There were times during the night when all the jungle sounds
would stop at once. There was no dwindling down or fading
away, it was all gone in a single instant as though some signal
had been transmitted out to the life: bats, birds, snakes,
monkeys, insects, picking up on a frequency that a thousand
years in the jungle might condition you to receive, but leaving
you as it was to wonder what you weren't hearing now, straining
for any sound, one piece of information. I had heard it before
in other jungles, the Amazon and the Philippines, but those
jungles were "secure," there wasn't much chance
that hundreds that Viet Cong were coming and going, moving
and waiting, living out there just to do you harm. The thought
of that one could turn any sudden silence into a space that
you'd fill with everything you thought was quiet in you, it
could even put you on the approach to clairaudience. You thought
you heard impossible things: damp roots breathing, fruit sweating,
fervid bug action, the heartbeat of tiny animals.
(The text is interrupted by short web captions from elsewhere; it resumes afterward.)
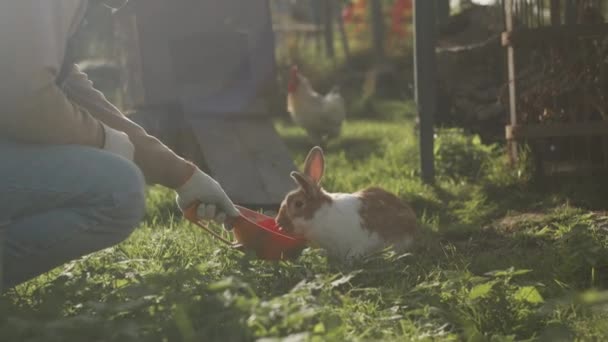Obiektyw rozpalony kadr nierozpoznawalnego samca hodowcy karmiącego dzikiego królika łyżką do łopaty podczas kucania na zielonej trawie obok wybiegu dla kurczaków na świeżym powietrzu w gospodarstwie ekologicznym - Materiał filmowy, wideo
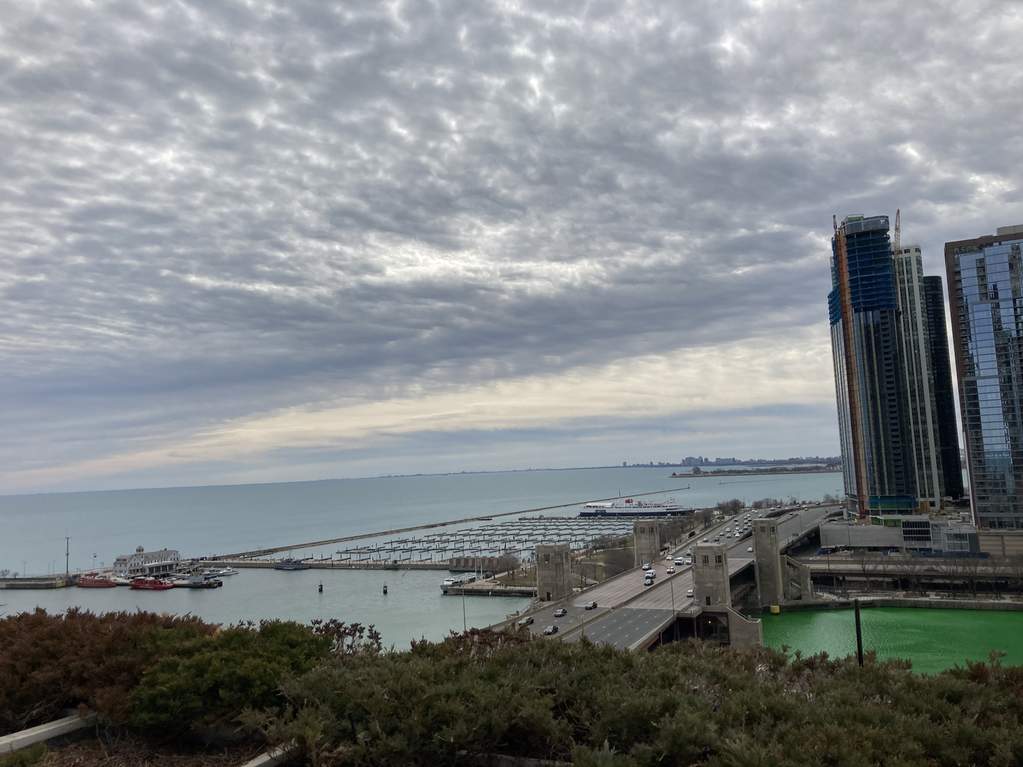 474 N Lake Shore Drive #3101 Chicago, Illinois 60611 - Image 29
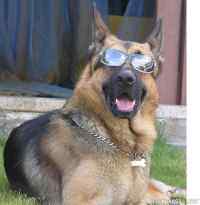 Cool dog 2 - Look!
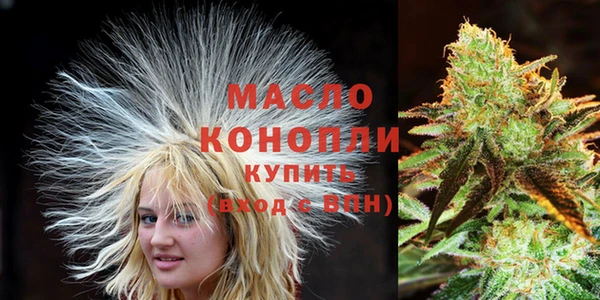 сатива Абинск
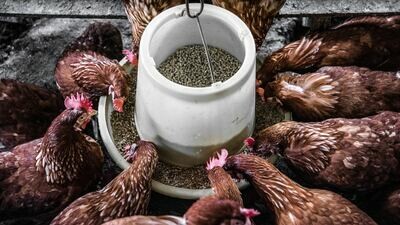 Chicken Feed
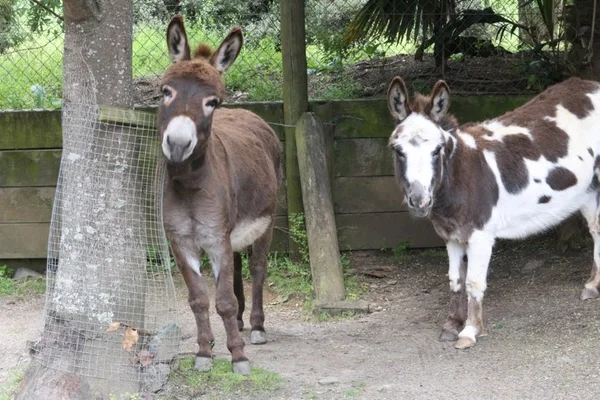 Two miniature donkeys in their enclosure at Hamilton Zoo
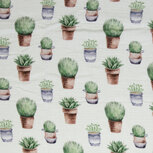 Tetra - Planten - Wit Tetra - Planten - Wit
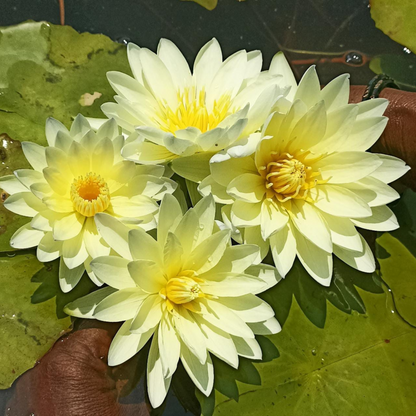 Nymphaea Poonsub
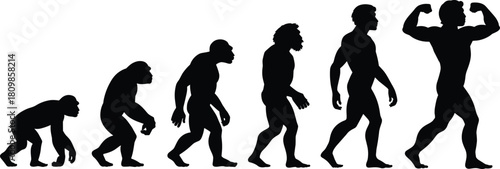Evolution of man concept, human evolution stages silhouette, from ape to modern muscular man, growth progress, scientific illustration vector art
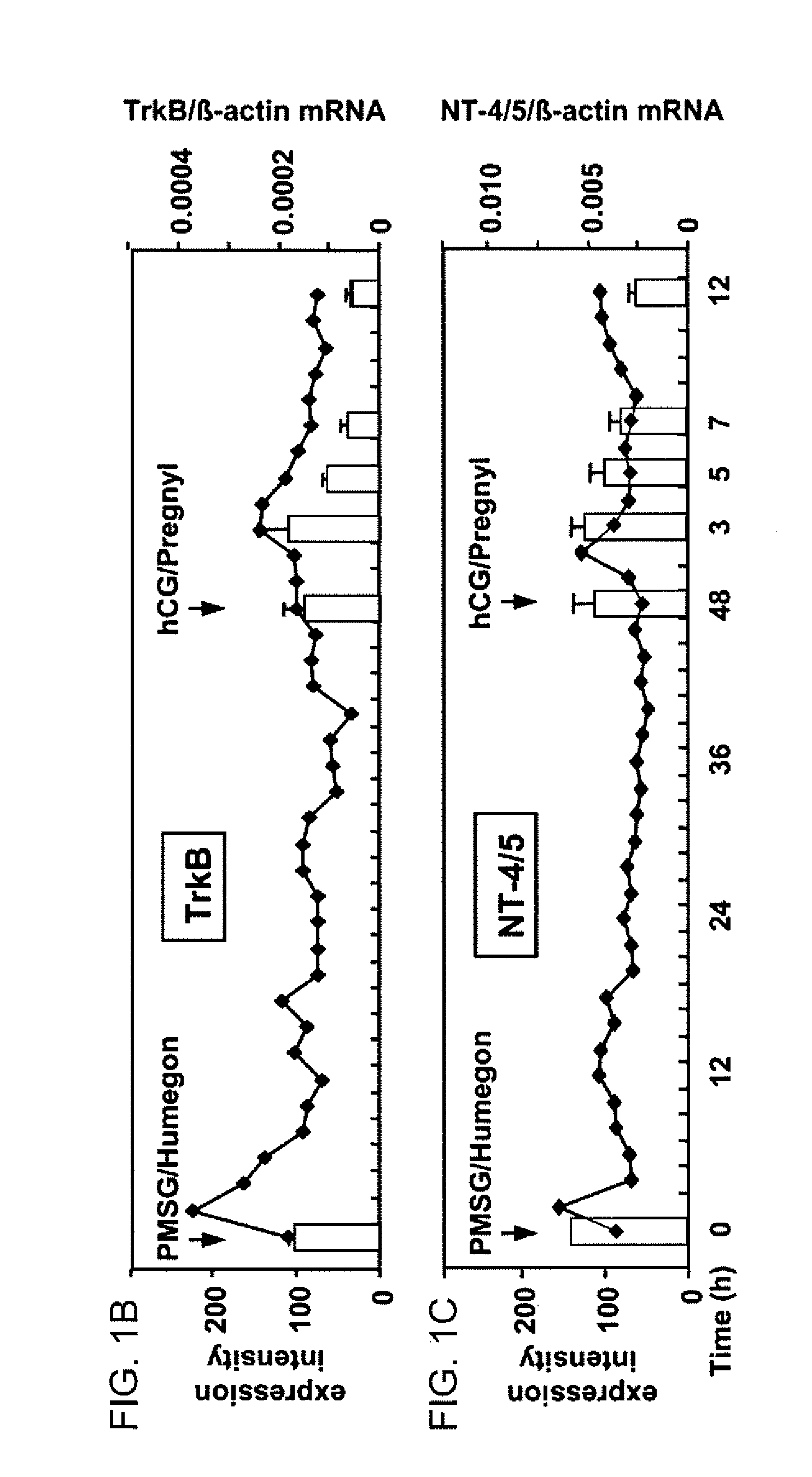 Facilitation of oocyte, zygote and pre-implantation embryo maturation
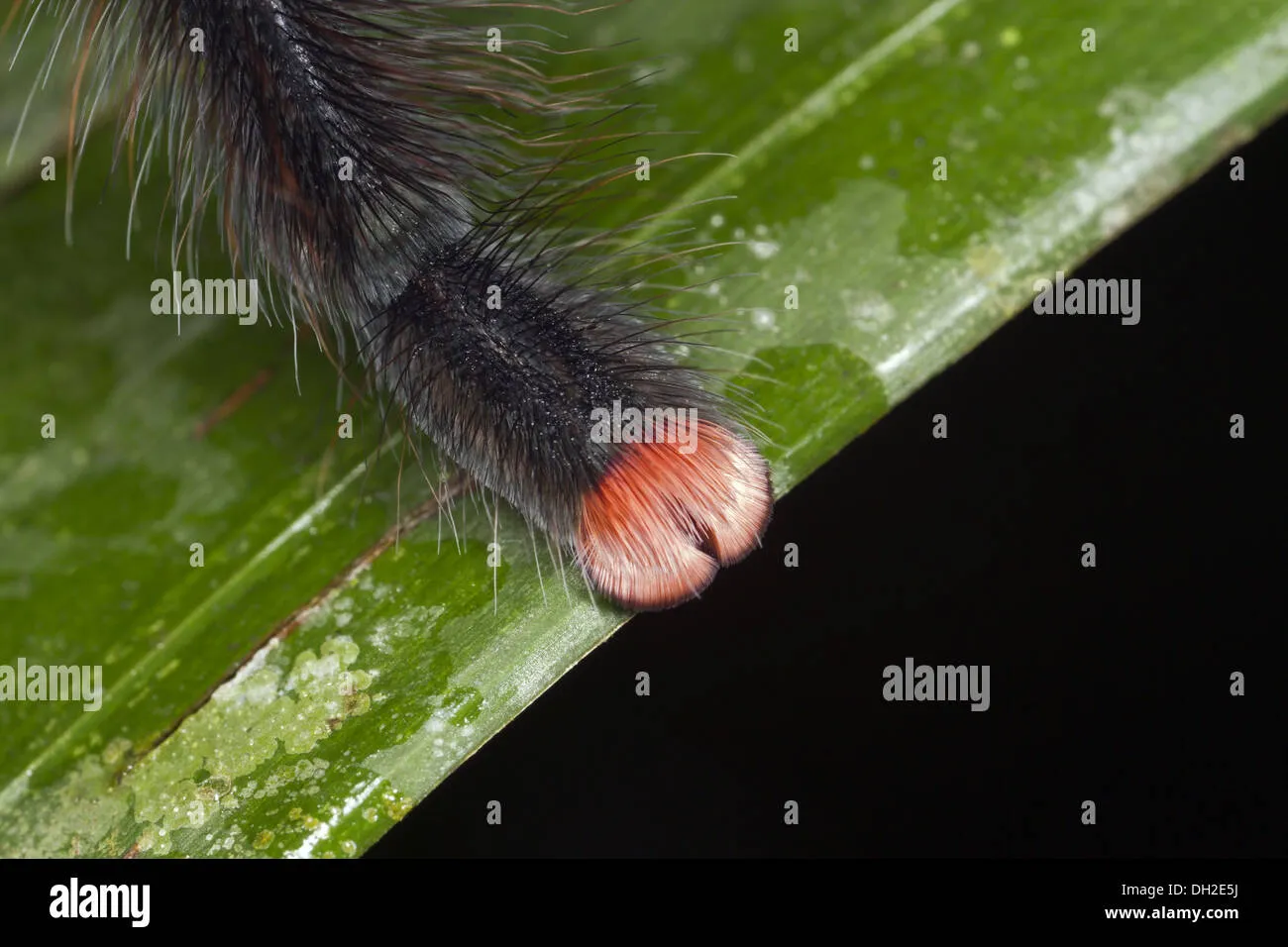 15598 pink toe tarantula handling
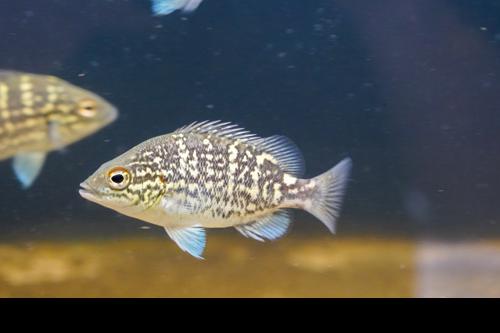 Mountain Grunter "Timika"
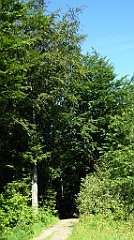 0150_TZ60_P1110725_cr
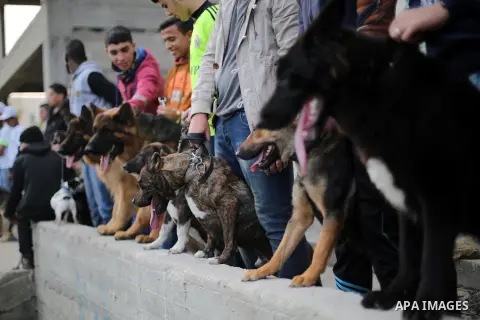 Palestinians show their dogs during the first dog show organized by local dog breeders, in Gaza City February 5, 2016. Following announcements over social media for dog owners to take part, more than thirty different bre...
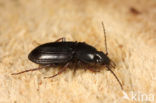 Groeftarszwartschild (Pterostichus vernalis)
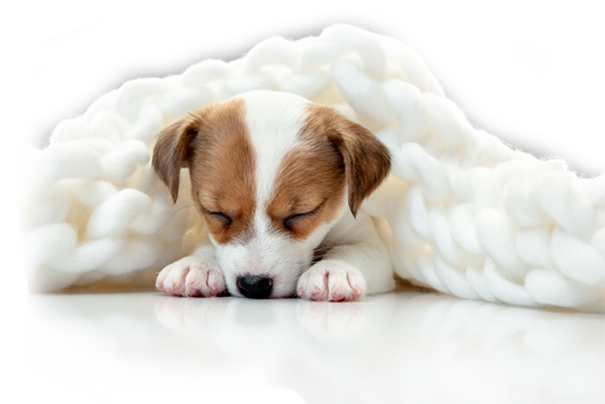 chiot qui dort sous une couverture de laine blanche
You could sustain that sensitivity for a long time, either
until the babbling and chittering and shrieking of the jungle
had started up again, or until something familiar brought
you out of it, a helicopter flying around above your canopy
or the strangely reassuring sound next to you of one going
into the chamber. Once we heard a really frightening thing
blaring down from a Psyops soundship broadcasting the sound
of a baby crying. You wouldn't have wanted to hear that during
daylight, let alone at night when the volume and distortion
came down through two or three layers of cover and froze us
all in place for a moment. And there wasn't much release in
the pitched hysteria of the message that followed, hyper-Vietnamese
like an icepick in the ear, something like, "Friendly
Baby, GVN Baby, Don't Let This Happen To Your Baby, Resist
the Viet Cong Today!"
Sometimes you'd get so tired that you'd forget where you were
and sleep the way you hadn't slept since you were a child.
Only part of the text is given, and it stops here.